The second part of the Netflix documentary "Harry
A turning point came with the great success of her Australian tour in autumn 2018. Prince Harry explains in the documentary: "The problem is, when you get married you're only supposed to play a supporting role. If you steal the limelight or do the job better than those who were born to do it, it bugs people and upsets the balance ." Because you're told "that your charitable activities can only succeed and your reputation grow or improve if you're on the front pages of these newspapers. But the media decides who makes the front page." The penny first dropped for him, says Harry, when Meghan and he stayed at Buckingham Palace after an event attended by all the royals, including the Queen. In the morning there was breakfast at the residence for both of them and then they saw that Meghan was on the front of the "Telegraph". "I thought: Oh God!" Meghan recalls her shock about it. Harry added, "She said, 'It's not my fault'. So did my mum."
Afterwards there were negative headlines in the tabloids in which Meghan was criticized for things that her sister-in-law Princess Kate (40) was celebrated for. There were about 25 examples, Harry claims, "the same thing in the same newspaper." He adds: "If you don't see this difference and don't understand why this is reported, I can't help you either." There were "even clichés and associations with drugs or terrorism" in articles about his wife.
In addition, Prince Harry says in the Netflix series: "Lies are one thing. You get used to that when you live in this family. But when I saw what they did to her, the effect it had on her, I thought: Enough with the pain. Enough with the suffering. No one sees what goes on behind closed doors. My mom used to cry in the back seat on the way to appointments. And my dad said, 'We're almost there.' 30 seconds to wipe away tears, apply makeup and when the door opens, smile."
The Duchess of Sussex then reports in "Harry
In addition, Meghan renewed allegations that she had already made in the Oprah interview in 2021: "I wanted to get help, but I wasn't allowed. Because what would that look like for the institution?" Harry adds in the documentary: "They knew how bad it was. They thought, 'Why can't she deal with it herself. Everyone else has dealt with it, why can't she? But that was a whole different thing. And even if you say it would, okay, it was exactly the same: Should she really swallow it all like the other family members? Or maybe it's time to stop? But no one told the media: Enough! My dad said you can't take it record the media, who are who they are." He sees things differently, says Harry.
He knows how "this system" works: "Some things are deliberately spread," claims the son of King Charles III. (74). "If the communications team wants to get a negative story on you, they'll offer a story on another team's royal in exchange. It's how the different offices work against each other." When he and his brother Prince William (40) saw what was happening in their father's office, "we promised each other that we would never allow anything like this to happen." Now to see his brother's office "doing exactly what we promised we would never do broke my heart".
When the Sussexes made an official tour to South Africa with their then four-month-old baby Archie in autumn 2019, Meghan opened her heart in a documentary about the trip. With tears in her eyes, Meghan revealed in the interview how difficult she is with life in the limelight and that the stress has had an impact on her mental health.
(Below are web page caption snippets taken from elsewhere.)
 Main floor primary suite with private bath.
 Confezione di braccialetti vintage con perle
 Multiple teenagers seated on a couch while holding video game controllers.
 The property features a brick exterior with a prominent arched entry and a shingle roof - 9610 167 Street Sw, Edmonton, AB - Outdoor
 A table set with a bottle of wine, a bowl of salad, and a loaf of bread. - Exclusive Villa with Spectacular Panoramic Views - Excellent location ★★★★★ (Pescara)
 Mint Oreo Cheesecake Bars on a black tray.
The Netflix documentary presents supportive reactions from social media, but also many negative headlines in the tabloid media.
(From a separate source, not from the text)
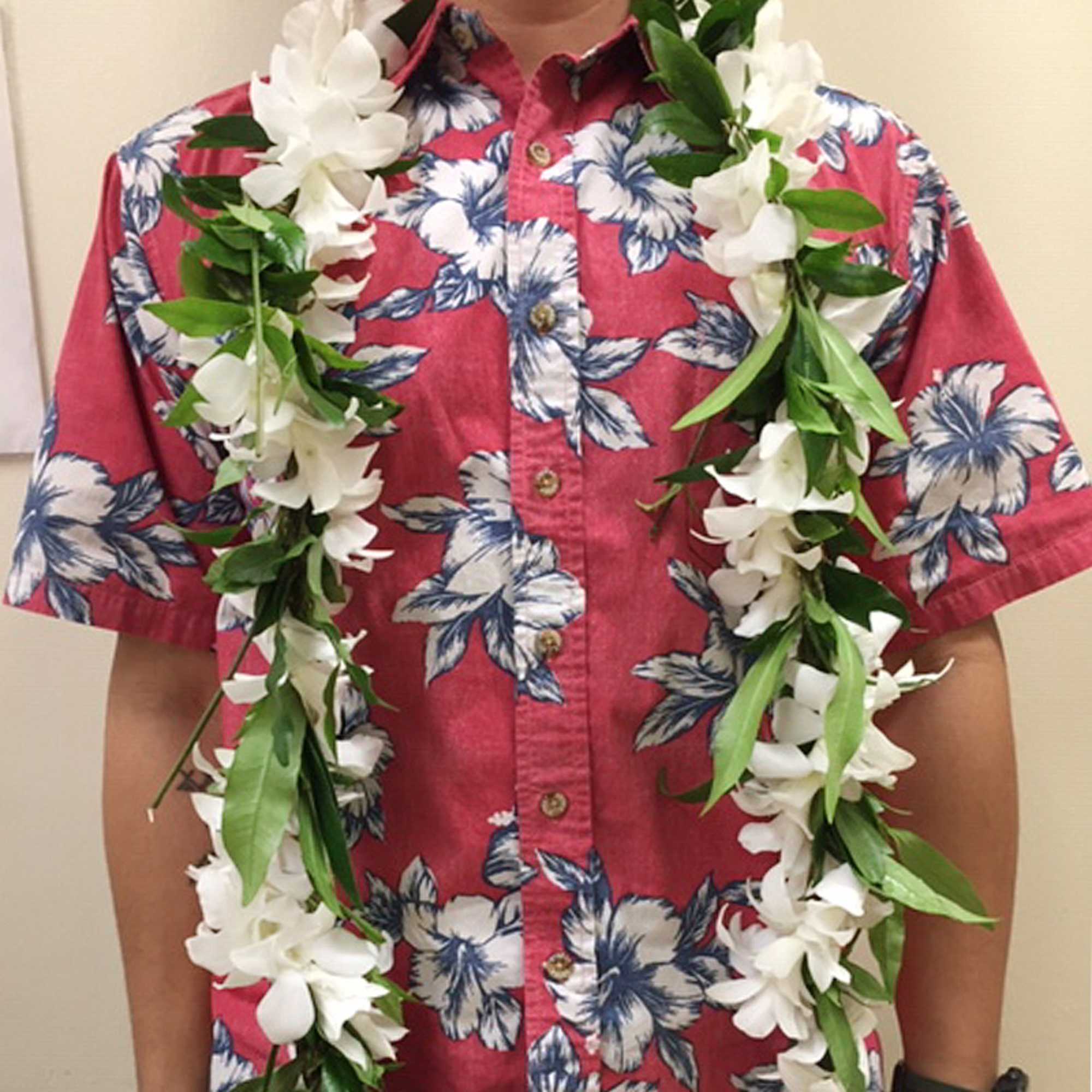 White floral leis with green accents draped around a neck over a red floral shirt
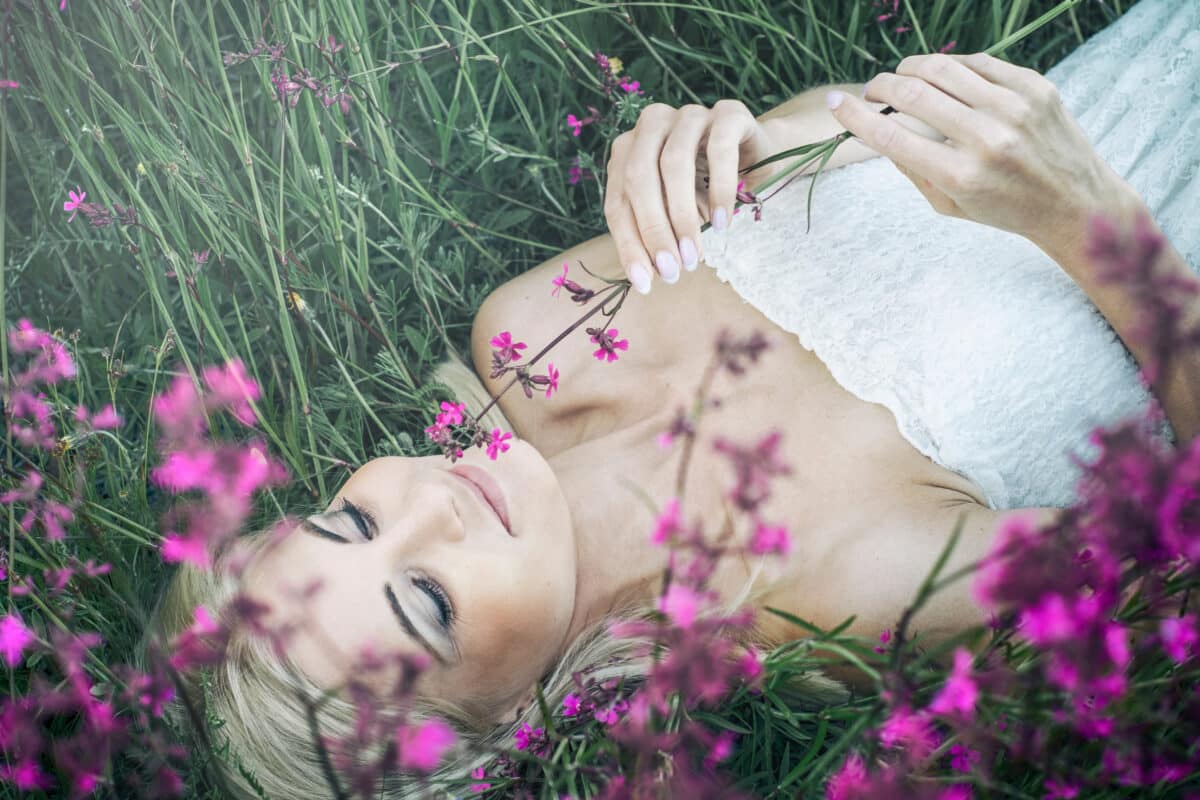 Beautiful young lady lying on the grass in the meadow and smelling pink flowers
And according to the couple, there was again no support from the palace. Harry explains: "The institution saw the fault in Meghan and not in her environment or the system." They were hoping for "support from within," the Duke of Sussex continued, "and got the opposite." Meghan adds: "When you reach your breaking point, you think something has to change. It was a big turning point. We then started having difficult conversations about what needs to happen for us in order to move on."